As challenges go, I have to say that this was one that I applaud overwhelmingly. I am always just a little dismayed whenever young women say to me, "Oh I loved your work on 'Project Runway,' and when I get married, you are totally designing my dress!" I’m always flattered. Indeed, I know that what they are trying to say is that they want me to design the most important dress of their lives, but I always tell them that they don’t have to wait until they are engaged to have clothes custom-designed for them. Fashion can enhance every significant life event. I always say, "Call me for graduation day, or the day you win an election, or how about in a time when you really just need to feel special again?" When you think of it, isn’t the day you stop being married a more appropriate time for fashion than the day you begin?
So, yes, it was a great challenge, and we witnessed some truly incredible creative problem-solving on the part of the designers. Shirin had an insurmountable task on many levels. Her divorcee requested something reminiscent of Cher's "Half-Breed" dress, complete with peacock feathers, and the wedding dress that came with her not only had very little yardage, but was constructed out of an un-dyeable polyester.
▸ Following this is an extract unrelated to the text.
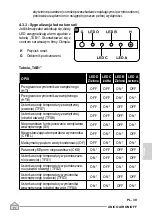 Предварительный просмотр 367 страницы Olimpia splendid Unico Air R410A Instructions For Use And Maintanence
Ever a clever thinker, Shirin realized that she could create surface details and change the appearance of the old dress, by sewing geometric patterns of contrasting thread along the front. "The dream team" suffered this week, with Christopher getting bruised for creating a dress that suggested a roll of bubble wrap, and Epperson going home for creating a "Heidi’s Homeland" dirndl. Note to future designers: She left Germany to come live in America. "Tyrolean chic" never flies on this show.
But Gordana! What an amazing job she did this week! Her client was thrilled with the final product, and she won for the first time in this whole competition. I've been very impressed with her this whole season, because she has very strong construction techniques and she seems to apply them in inventive ways. Also, her ideas seem to get incorporated a lot by of the other designers. It was very impressive in the newspaper episode that she succeeded in creating a dress that didn't use a muslin under-structure. After Tim's adulation during his visit, it was clear that her technique of repetitive folding was showing up in many of the other dresses. It’s hard to tell who started the macrame trend in the room, but Gordana certainly is the only designer who might have been around when the technique was popular the first time, in the Seventies. The dress that she created this week is not only well-constructed and tailored to the body of her client, but her choice to sew together frayed strips of acetate reworks a construction trend from the 18th century in a new way, for today.Again you can see that it’s a compelling idea, because Logan adopted it for the ruffles on the vest of his ensemble this week.
Most importantly, Gordana is a really generous person, and winning this challenge couldn't have been more appropriate. Like these other women, yes, she had been married before, but more significantly, like them, she has come to "Project Runway" to launch a new season of her life. Clearly someone familiar with using her skills toward other people's ends, it is exciting to see her get the opportunity to make clothes that come from her own singular vision. As so many women do, Gordana has had to sacrifice her own dreams for the sake of her family, and it's heartbreaking to see her cry this week when she can't get through to her children on the telephone. However, when she wins the challenge, and remarks that at last people see that she is a designer, and not just a dressmaker, it’s very moving. We not only get the chance to see her transform someone else's life through fashion, but we also get to see fashion transform her. It is all work well done, and I think that she’s a serious contender for the final three. So congratulations, Gordana! Enjoy the last of the immunity, and maybe we'll "see you in Bryant Park."